Makes approximately 4 servings ⋅ Adapted from Eating Well

  • 4 (4 ounce) chicken cutlets
  • ½ teaspoon ground pepper, divided
  • ¼ teaspoon salt, divided
  • 1 tablespoon extra-virgin olive oil
  • 1 large shallot, finely chopped
  • 1 large clove garlic, minced
  • ½ cup low-sodium chicken broth
  • ½ cup heavy cream
  • 1 tablespoon lemon juice
  • 1 small lemon, thinly sliced
  • 2 tablespoons chopped dill, plus more for garnish
  1. Sprinkle chicken with 1/4 teaspoon pepper and 1/8 teaspoon salt. Heat oil in a large skillet over medium heat until shimmering. Add the chicken; cook 6 to 8 minutes turning once, until browned. Transfer the chicken to a plate.

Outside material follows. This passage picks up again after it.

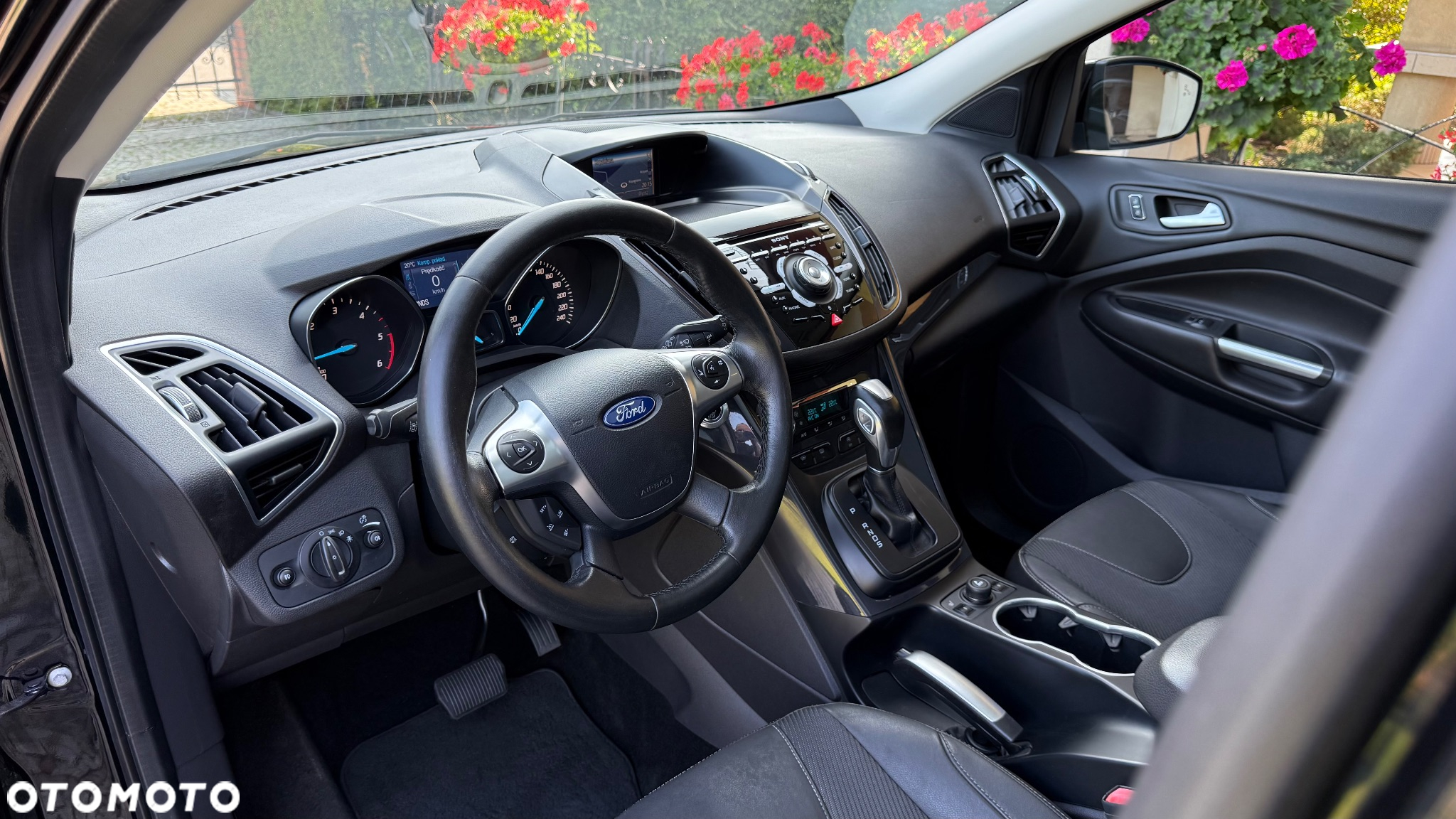 Ford Kuga 2.0 TDCi 4WD Titanium Plus - 11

  2. Add shallot and garlic to the pan; cook, stirring, until fragrant, about 15 seconds. Add broth; cook, stirring occasionally and scraping up the brown bits on the bottom of the pan, until reduced by half, 1 to 2 minutes.

  3. Stir in cream, lemon juice, lemon slices, and the remaining 1/4 teaspoon pepper and 1/8 teaspoon salt; simmer until slightly thickened, 1 to 2 minutes.

  4. Add the chicken, with any accumulated juices, and dill; turn to coat with the sauce. Sprinkle with additional dill, if desired.